[Given data]
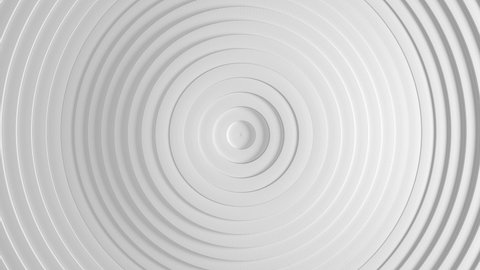 White minimalism Abstract pattern of circles with the effect of displacement. White clean rings animation. Abstract background for business presentation. Seamless loop 4k Top view
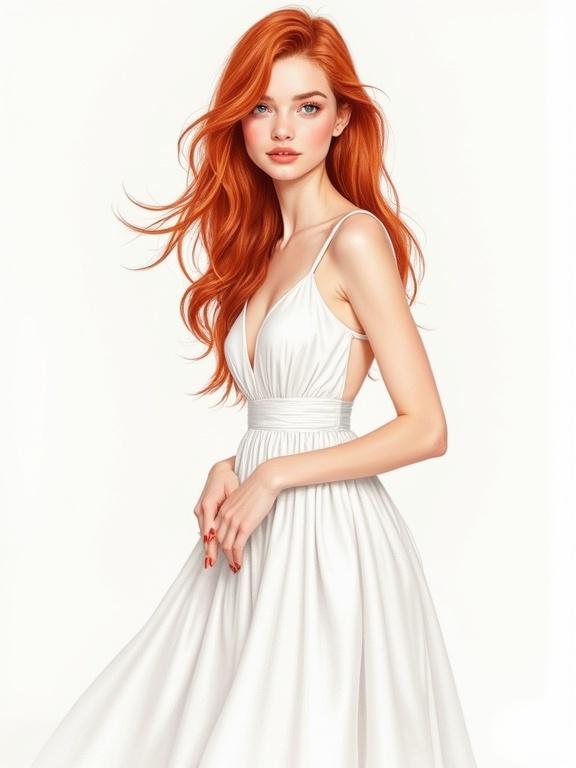 Illustration of a young woman in a white dress. She has red hair and is posed playfully. The image shows her from the side. The illustration is detailed and colorized.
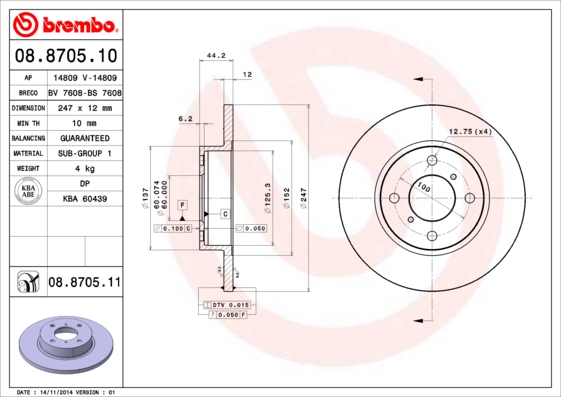 BREMBO Első féktárcsa 08.8705.11_BREMBO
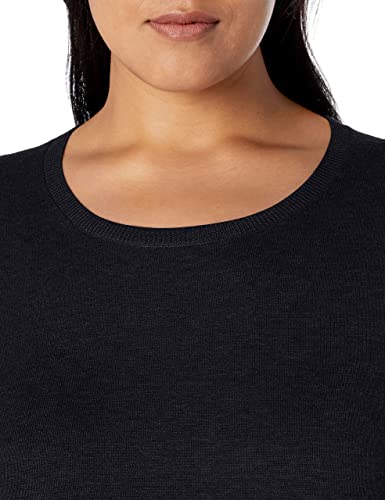 Women's Lightweight Crewneck Sweater, Plus Size, Black
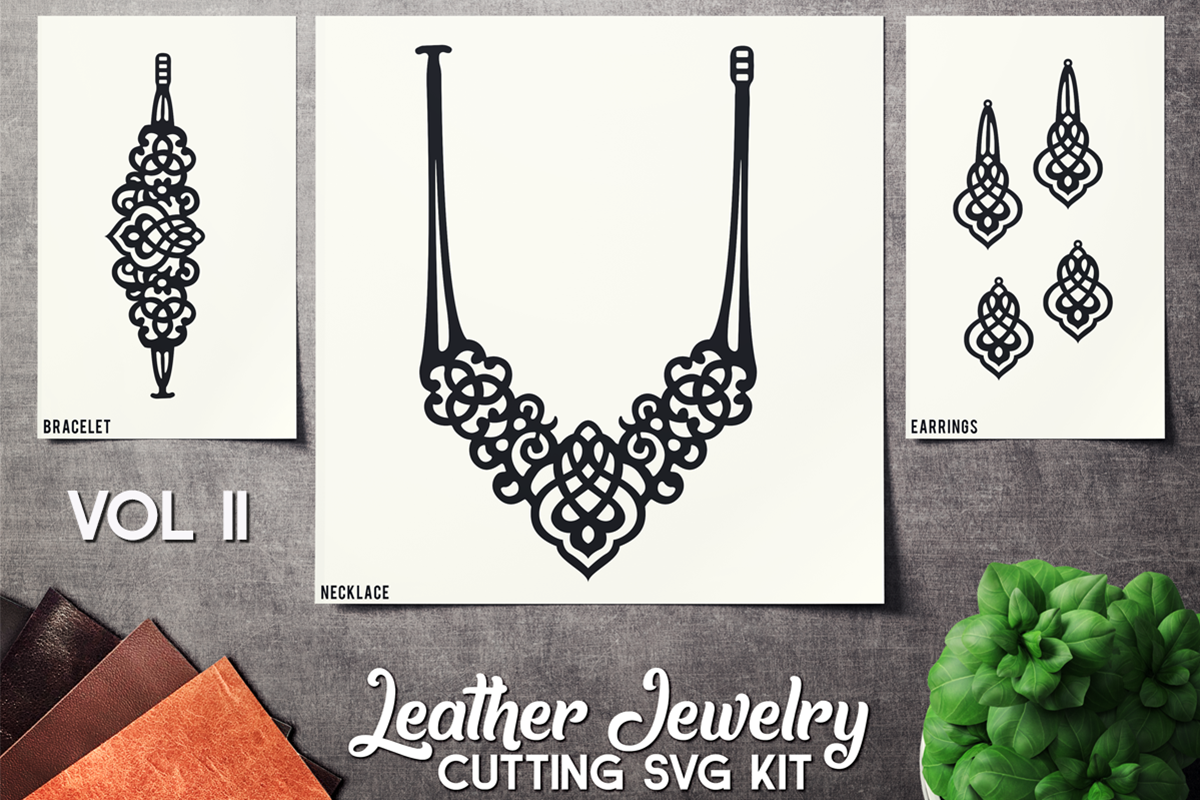 Leather Jewelry CUT Template- Earrings - Braceles - VOL 2 example image 1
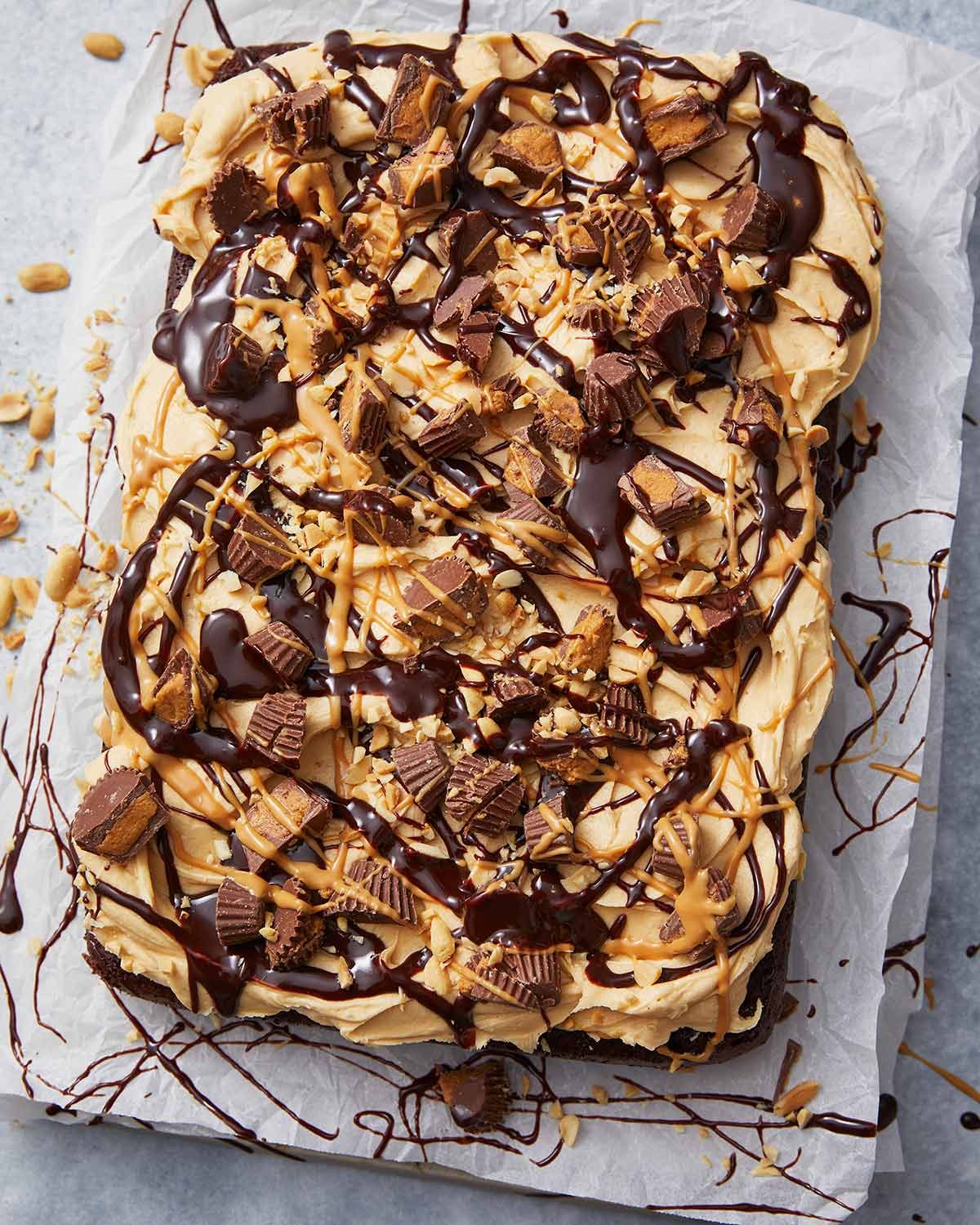 chocolate-peanut-butter-cake-5 Overhead photo of Chocolate peanut butter cake
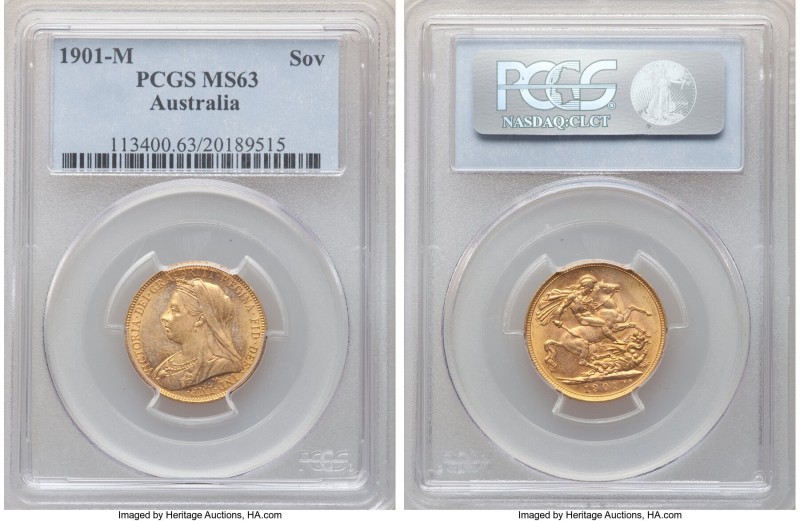 Victoria gold Sovereign 1901-M MS63 PCGS, Melbourne mint, KM13. Displaying a thi...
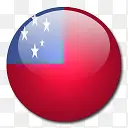 萨摩亚国旗国圆形世界旗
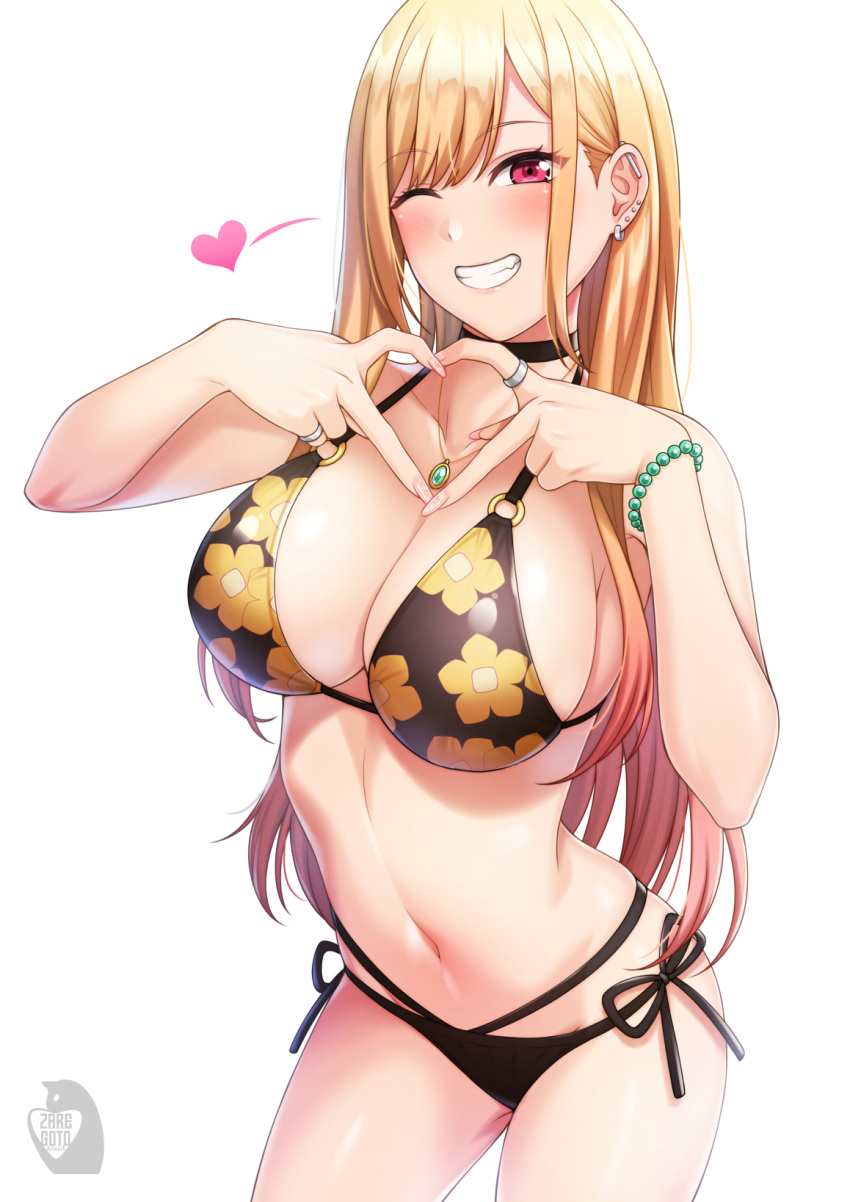 1girls 2022 belly belly_button big_breasts bikini bikini_bottom bikini_top blonde_hair blush bracelet choker cleavage ear_piercing earrings eyebrows_visible_through_hair eyes_visible_through_hair glistening glistening_body gyaru hand_gesture hand_heart heart kitagawa_marin long_fingernails long_hair necklace portrait rings signature smiling_at_viewer sono_bisque_doll_wa_koi_wo_suru standing thighs white_background wink winking_at_viewer zaregoto_tsukai_no_deshi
[/Given data]
- _Exercise prompt_: Leave out the pictures and copy every record above exactly.

- _Task result_:
 White minimalism Abstract pattern of circles with the effect of displacement. White clean rings animation. Abstract background for business presentation. Seamless loop 4k Top view
 Illustration of a young woman in a white dress. She has red hair and is posed playfully. The image shows her from the side. The illustration is detailed and colorized.
 BREMBO Első féktárcsa 08.8705.11_BREMBO
 Women's Lightweight Crewneck Sweater, Plus Size, Black
 Leather Jewelry CUT Template- Earrings - Braceles - VOL 2 example image 1
 chocolate-peanut-butter-cake-5 Overhead photo of Chocolate peanut butter cake
 Victoria gold Sovereign 1901-M MS63 PCGS, Melbourne mint, KM13. Displaying a thi...
 萨摩亚国旗国圆形世界旗
 1girls 2022 belly belly_button big_breasts bikini bikini_bottom bikini_top blonde_hair blush bracelet choker cleavage ear_piercing earrings eyebrows_visible_through_hair eyes_visible_through_hair glistening glistening_body gyaru hand_gesture hand_heart heart kitagawa_marin long_fingernails long_hair necklace portrait rings signature smiling_at_viewer sono_bisque_doll_wa_koi_wo_suru standing thighs white_background wink winking_at_viewer zaregoto_tsukai_no_deshi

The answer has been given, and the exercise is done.